Rendahnya Kualitas Guru
Keadaan guru di Indonesia juga amat memprihatinkan.
Kebanyakan guru belum memiliki profesionalisme yang memadai untuk menjalankan
tugasnya sebagaimana disebut dalam pasal 39 UU No 20/2003 yaitu merencanakan
pembelajaran, melaksanakan pembelajaran, menilai hasil pembelajaran, melakukan
pembimbingan, melakukan pelatihan, melakukan penelitian dan melakukan
pengabdian masyarakat. Bukan itu saja, sebagian guru di Indonesia bahkan
dinyatakan tidak layak mengajar. Persentase guru menurut kelayakan mengajar
dalam tahun 2002-2003 di berbagai satuan pendidikan sbb: untuk SD yang layak mengajar
hanya 21,07% (negeri) dan 28,94% (swasta), untuk SMP 54,12% (negeri) dan 60,99%
(swasta), untuk SMA 65,29% (negeri) dan 64,73% (swasta), serta untuk SMK yang
layak mengajar 55,49% (negeri) dan 58,26% (swasta).
Kelayakan mengajar itu jelas berhubungan dengan tingkat pendidikan
guru itu sendiri.
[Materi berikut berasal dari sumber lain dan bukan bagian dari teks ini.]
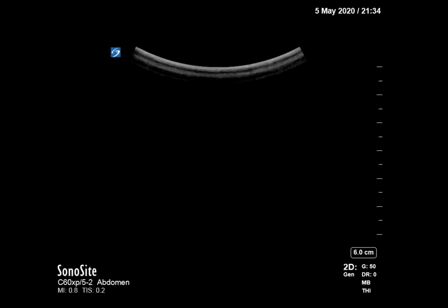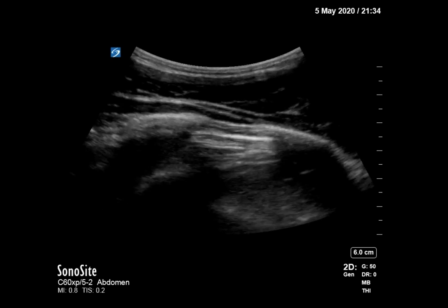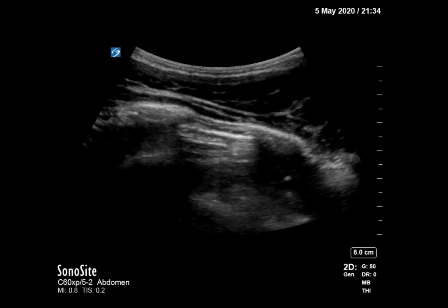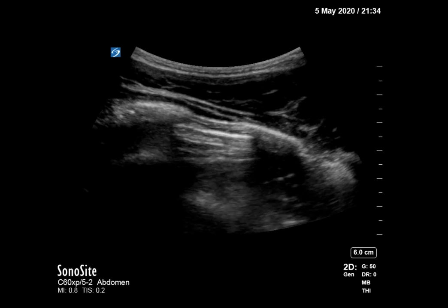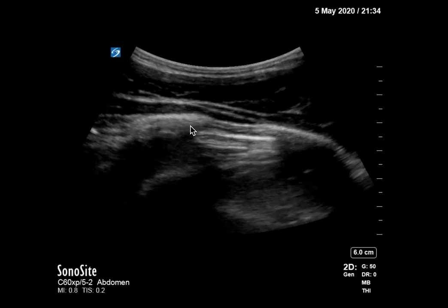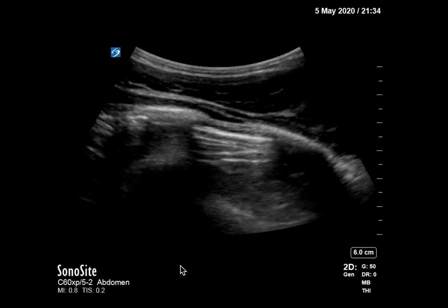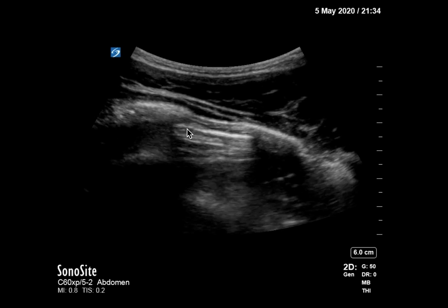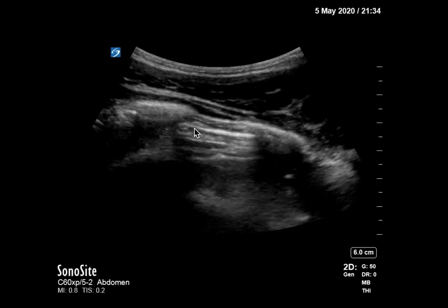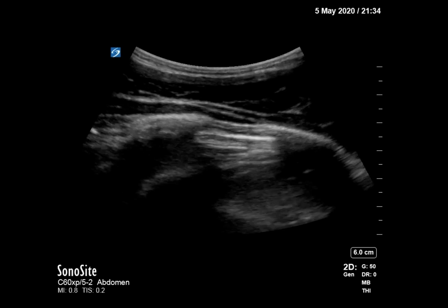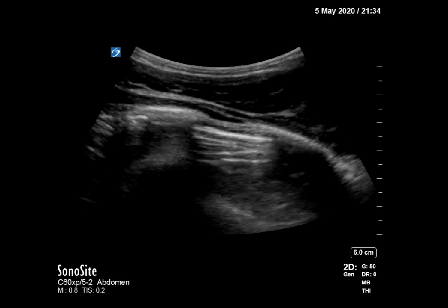Then we went up to the right side of the chest, looking in the midclavicular line about the second intercostal space. You can make out a rib right here and right here, and here is your pleural line in between. We don't see any lung sliding in that view.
Data Balitbang Depdiknas (1998) menunjukkan dari sekitar 1,2
juta guru SD/MI hanya 13,8% yang berpendidikan diploma D2-Kependidikan ke atas.
Selain itu, dari sekitar 680.000 guru SLTP/MTs baru 38,8% yang berpendidikan
diploma D3-Kependidikan ke atas. Di tingkat sekolah menengah, dari 337.503
guru, baru 57,8% yang memiliki pendidikan S1 ke atas. Di tingkat pendidikan
tinggi, dari 181.544 dosen, baru 18,86% yang berpendidikan S2 ke atas (3,48%
berpendidikan S3). Walaupun guru dan pengajar bukan satu-satunya faktor penentu
keberhasilan pendidikan tetapi, pengajaran merupakan titik sentral pendidikan
dan kualifikasi, sebagai cermin kualitas, tenaga pengajar memberikan andil
sangat besar pada kualitas pendidikan yang menjadi tanggung jawabnya. Kualitas
guru dan pengajar yang rendah juga dipengaruhi oleh masih rendahnya tingkat
kesejahteraan guru
c.
Rendahnya Kesejahteraan Guru
Rendahnya kesejahteraan guru mempunyai peran dalam
membuat rendahnya kualitas pendidikan Indonesia. Berdasarkan survei FGII
(Federasi Guru Independen Indonesia) pada pertengahan tahun 2005, idealnya
seorang guru menerima gaji bulanan serbesar Rp 3 juta rupiah. Sekarang,
pendapatan rata-rata guru PNS per bulan sebesar Rp 1,5 juta. guru bantu Rp, 460
ribu, dan guru honorer di sekolah swasta rata-rata Rp 10 ribu per jam. Dengan
pendapatan seperti itu, terang saja, banyak guru terpaksa melakukan pekerjaan
sampingan. Ada yang mengajar lagi di sekolah lain, memberi les pada sore hari,
menjadi tukang ojek, pedagang mie rebus, pedagang buku/LKS, pedagang pulsa
ponsel, dan sebagainya (Republika, 13 Juli, 2005).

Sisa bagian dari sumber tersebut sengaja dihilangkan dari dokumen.